* Material provided
----

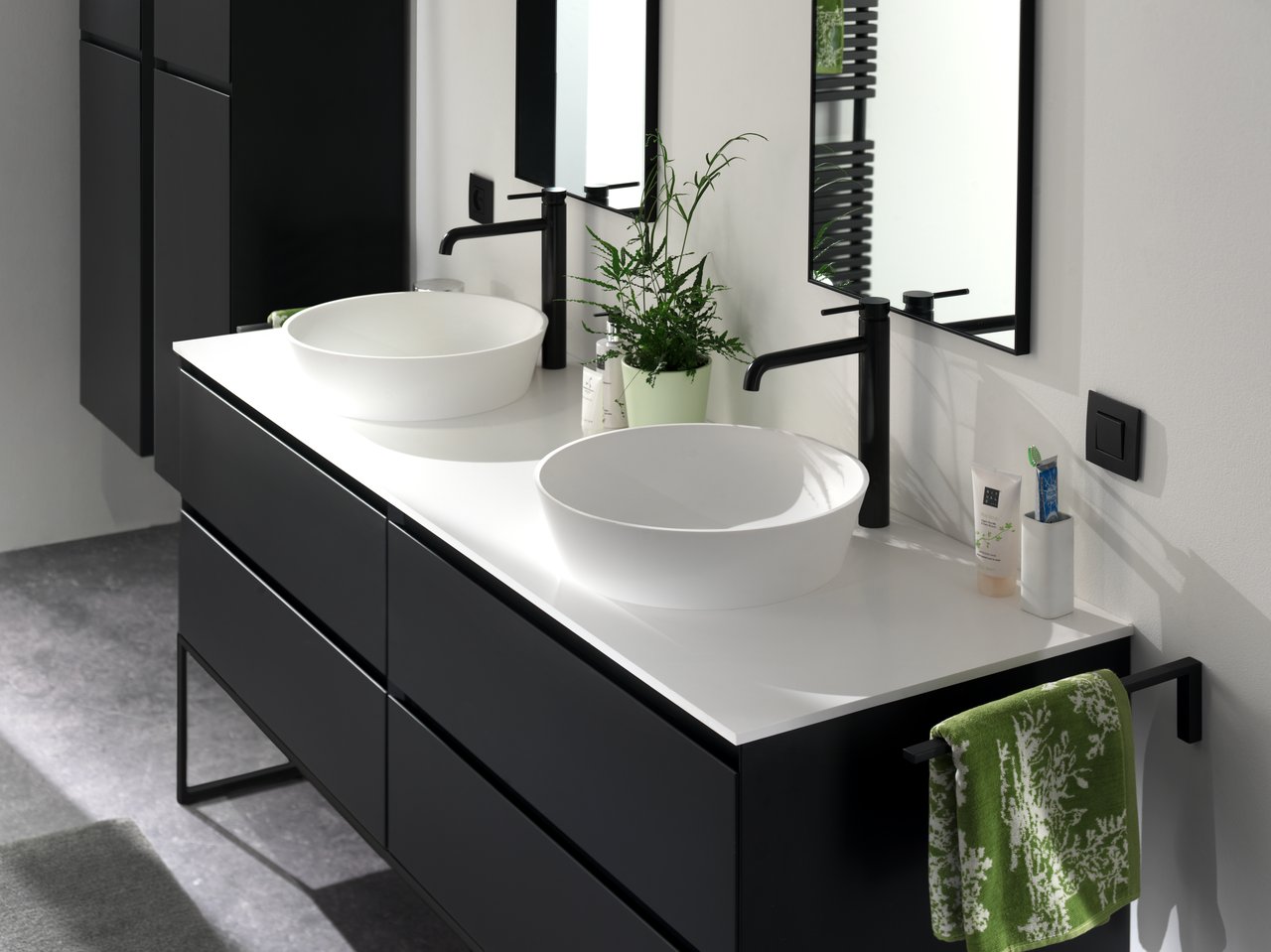 Balmani Stretto Einzel- oder Doppelwaschtischplatte, Solid Surface matt, 180 x 55 cm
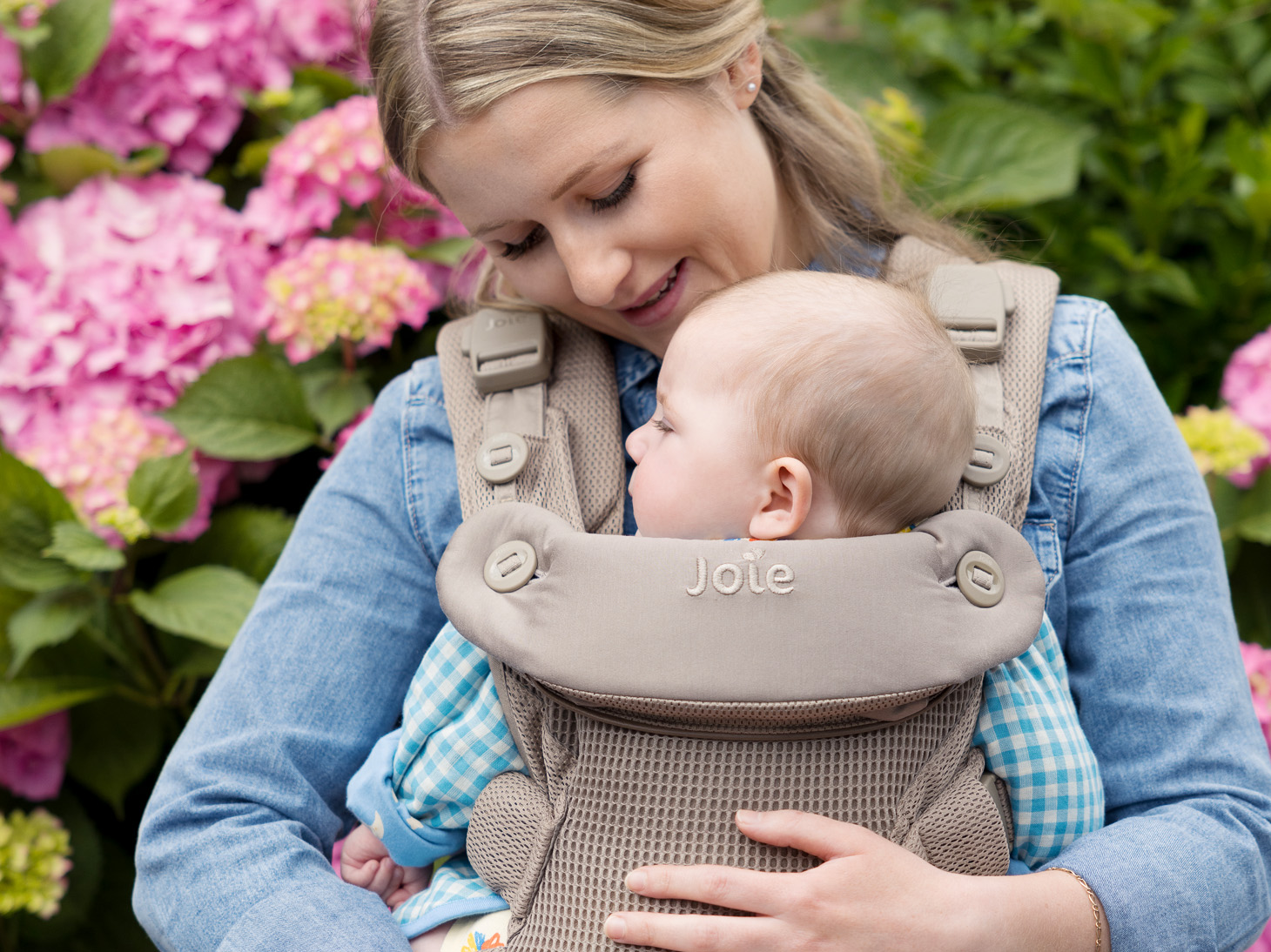 Baby in savvy 4-in-1 air carrier on mom's front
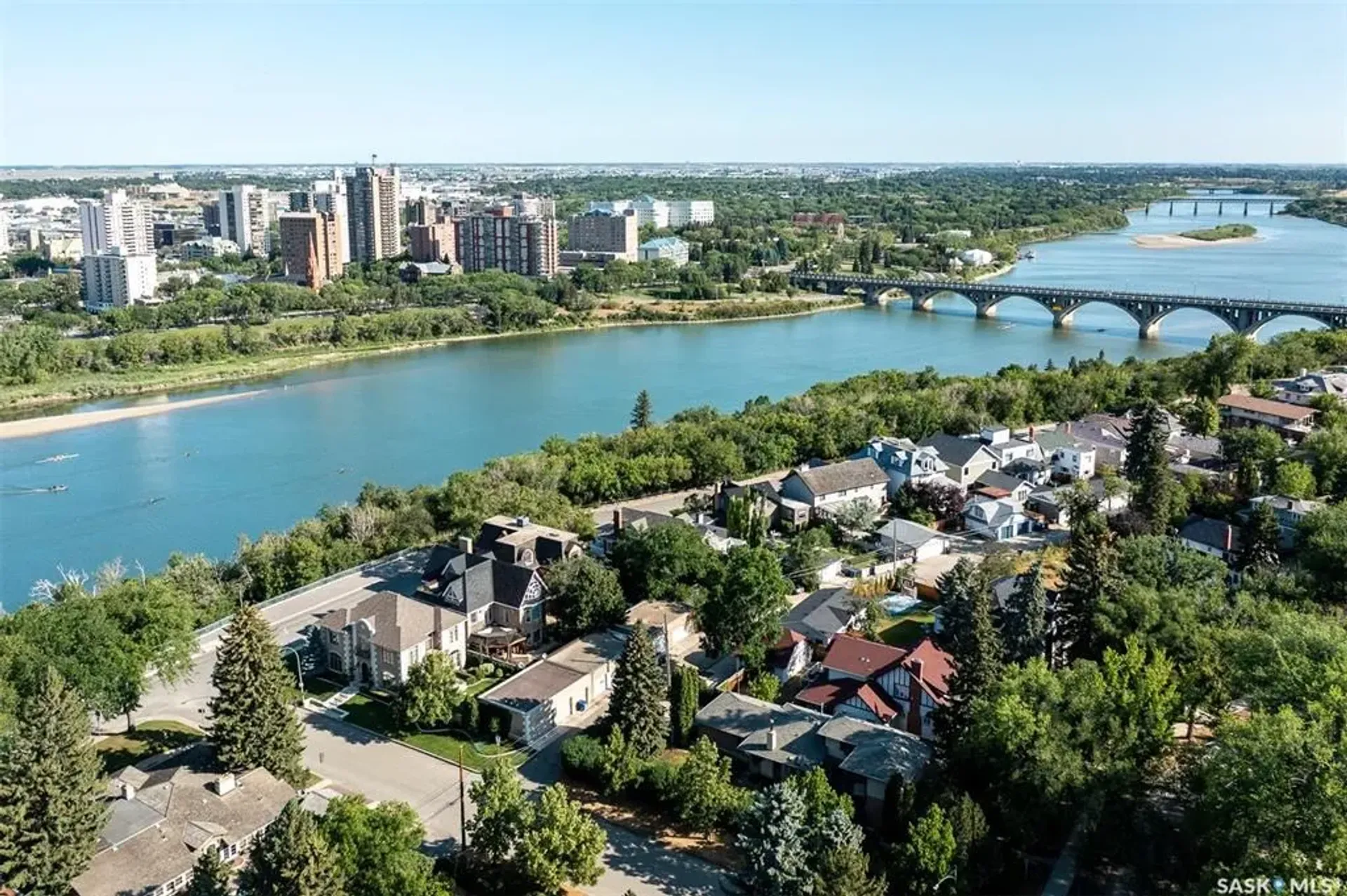 Hus i Saskatoon, Saskatchewan 10835757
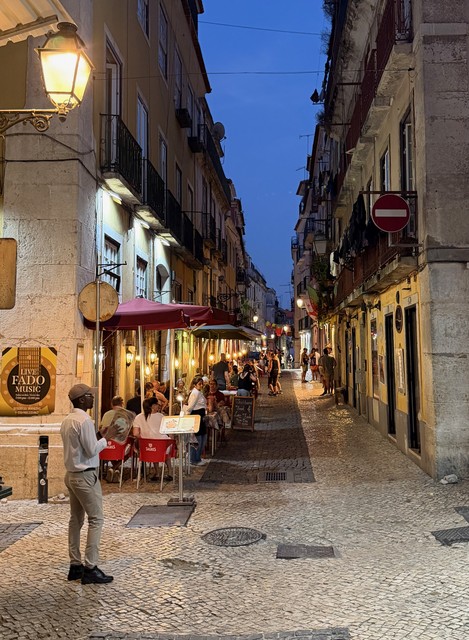 Walking the alleys of Lisbon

----

* Task statement
Copy every line of the data exactly as written, excluding the pictures.

* Final answer
 Balmani Stretto Einzel- oder Doppelwaschtischplatte, Solid Surface matt, 180 x 55 cm
 Baby in savvy 4-in-1 air carrier on mom's front
 Hus i Saskatoon, Saskatchewan 10835757
 Walking the alleys of Lisbon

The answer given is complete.